Support of TBF for software system benchmarks

sosy-lab / tbf

A framework for using test case generators to locate errors in C programs

https://sosy-lab.org/research/test-study

Other

9 stars 7 forks source link

Support of TBF for software system benchmarks #6

Closed animeshbchowdhury closed 5 years ago

animeshbchowdhury commented 6 years ago

Hi,

I have been using greybox fuzzing approach (afl) for program falsification. However, I have been unable to apply it over software system sv-benchmarks. Even I have seen in your experimentation results, all test based approach tools are unable to handle such benchmarks.

My observation on software system benchmarks is, presence of __VERIFIER_nondet_pointer(), even in functions like kzmalloc (which expects memory allocation) and pointer arithmetic operations on high valued address. Using such software system codes as user process for dynamic analysis, is leading to segmentation faults, even on reachsafety codes.

My question is : Any way by which dynamic analysis can be used for software system benchmarks ?

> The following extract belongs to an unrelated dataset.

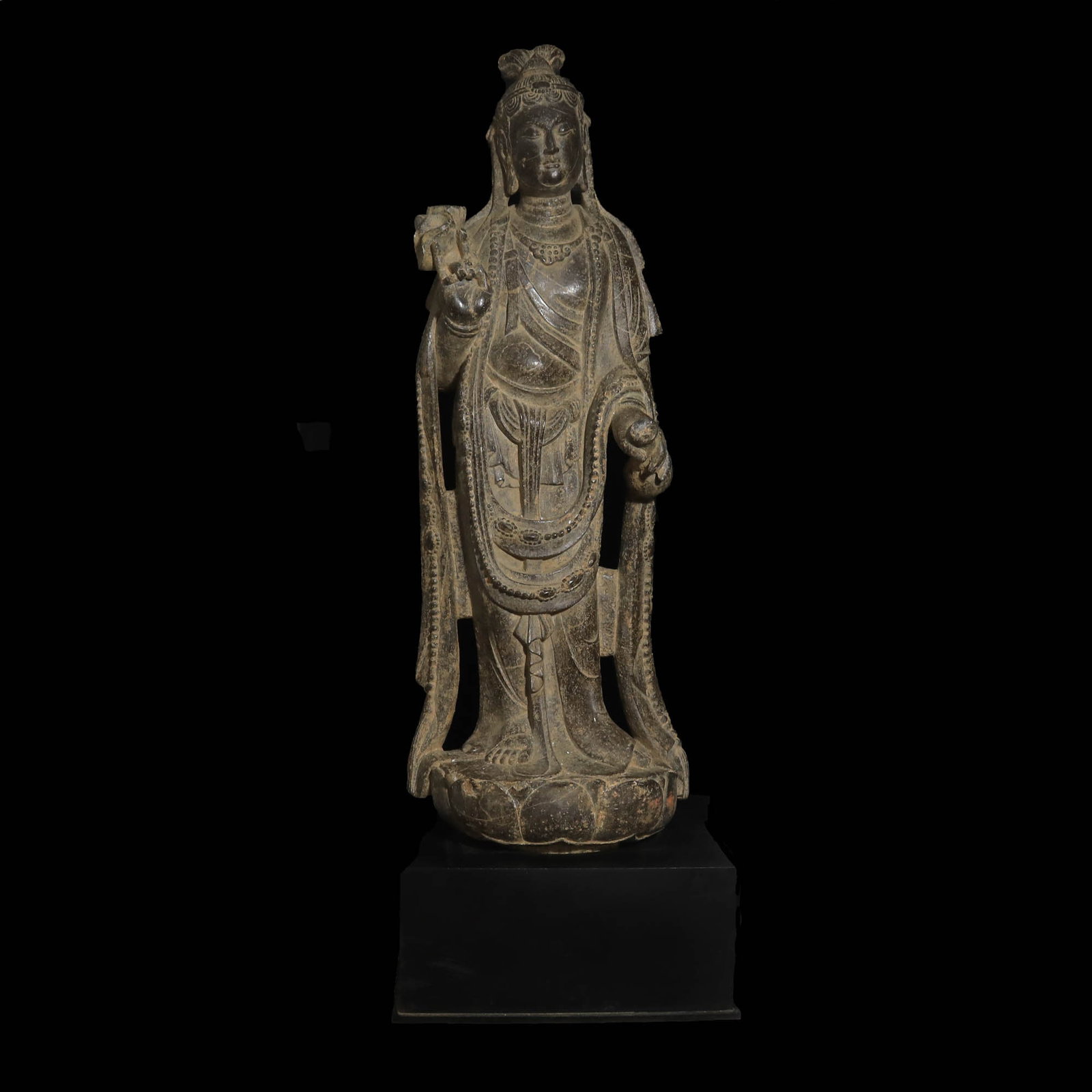 LARGE CHINESE TANG DYNASTY STONE FIGURE: Ca. AD 618 - 907. A large figure standing erect wearing a loosely draped pleated garment with beaded swags over the forearms, segmented hairstyle held with a diadem, right arm raised in gesture of rea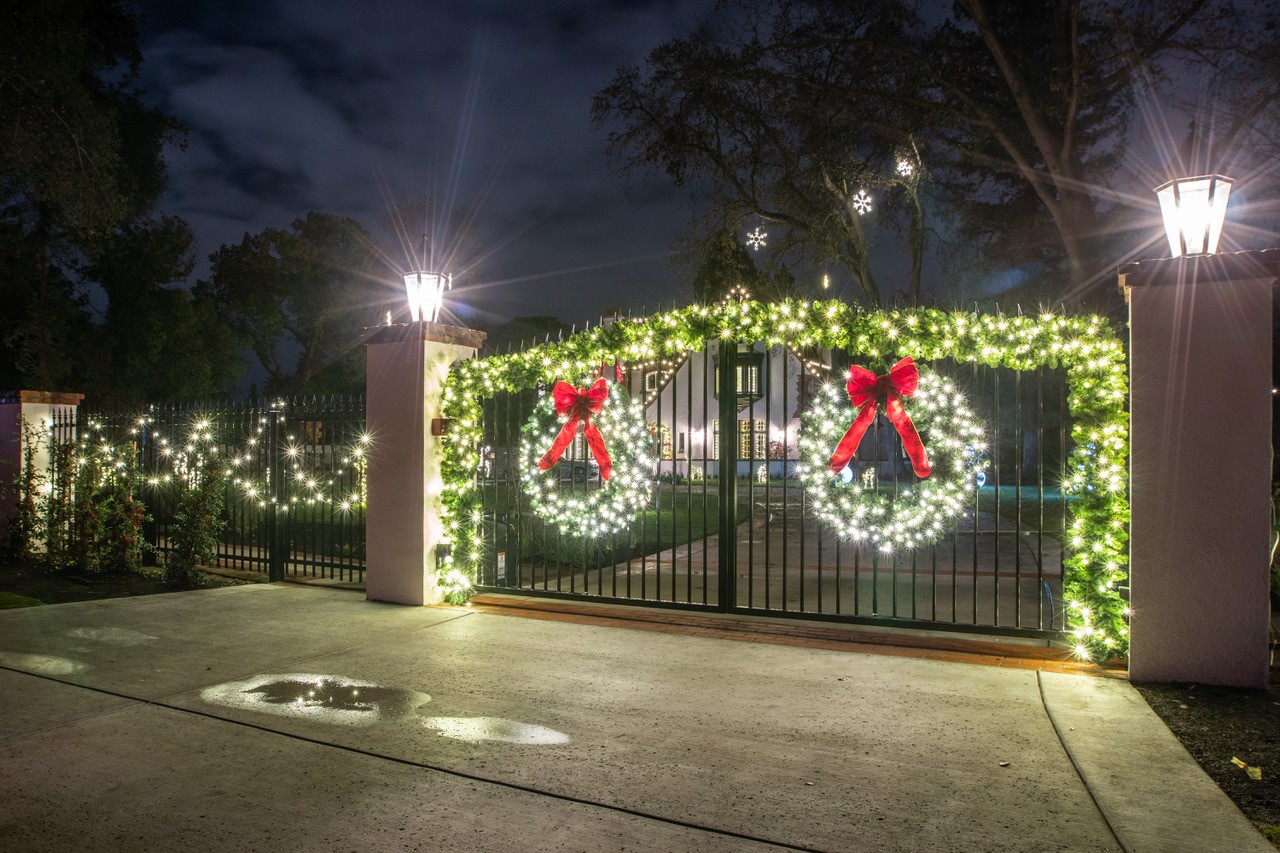 Gated entry with lit wreaths and garland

lembergerth commented 6 years ago

Hi!

I don't expect that tbf will be able to handle the Systems-tasks of sv-benchmarks in the immediate future.

There are plans to handle non-deterministic pointers in programs, this is definitely possible, but the bigger problem is undefined behavior in many of these tasks, e.g., undefined structs or variables. I'm confident that we could synthesize code to tackle this issue, but this is currently not my main focus. (There was some talk about this in https://github.com/sosy-lab/tbf/issues/1#issuecomment-405832929)

If you want me to elaborate or if this didn't answer your question, feel free to ask some more!

animeshbchowdhury commented 6 years ago

Hi,

Thanks for the prompt response. I have gone through the comment you mentioned in Issue #1. I have created a synthesized code, for handling such undefined structs and variables (Assigning nondet values to such variables). For undefined functions, I am also returning nondets of return type. Currently, I have changed the nondet_pointer() to a parameterized function, and returns a chunk of dynamically allocated memory of size passed as parameter.

With this modified change, I tried to run tbf. I faced issue of segmentation fault with testcases, which were discovered as crashes by afl. Using gdb, I can see clearly that crash is happening from pointer derefs.

Are the submitted benchmarks in software system complete enough, for proving correctness or falsification ?

lembergerth commented 6 years ago

With this modified change, I tried to run tbf. I faced issue of segmentation fault with testcases, which were discovered as crashes by afl. Using gdb, I can see clearly that crash is happening from pointer derefs.

Was the segmentation fault during execution of test-cases, or a fault of TBF?

I'm not an expert regarding the sv-benchmarks, but the Systems tasks are from real-world systems that were tailored for formal verification. Errors easily sneak in there. We already know that in some of these undefined behavior exists and people continuously try to get rid of it, but I don't think this is finished yet.

If you were able to produce an executable test case for which a segmentation fault occurs, you actually found a proof that the corresponding benchmark task is incomplete. In that case, it would be awesome if you could create an issue in the sv-benchmarks repo with your harness and the input values.

lembergerth commented 6 years ago

Oh, and if you wrote code for handling such undefined variables and structs, it would of course also be awesome if we could integrate this into tbf, so that all users can benefit from it :-)

animeshbchowdhury commented 6 years ago

Hi,

With this modified change, I tried to run tbf. I faced issue of segmentation fault with testcases, which were discovered as crashes by afl. Using gdb, I can see clearly that crash is happening from pointer derefs.

Was the segmentation fault during execution of test-cases, or a fault of TBF?

No, it was not at all a fault of TBF. The executable was created successfully. However, I did some changes as I mentioned, for nondet pointers , undefined variables, structs and functions. I took the harness file and the original code, changed it, and then run the afl. The crash generated by afl is not reaching VERIFIER error and caused a segmentation fault.

If you were able to produce an executable test case for which a segmentation fault occurs, you actually found a proof that the corresponding benchmark task is incomplete. In that case, it would be awesome if you could create an issue in the sv-benchmarks repo with your harness and the input values.

I will surely do this.

animeshbchowdhury commented 6 years ago

Oh, and if you wrote code for handling such undefined variables and structs, it would of course also be awesome if we could integrate this into tbf, so that all users can benefit from it :-)

I did it manually for the time being, to check. I am in process of making this automated.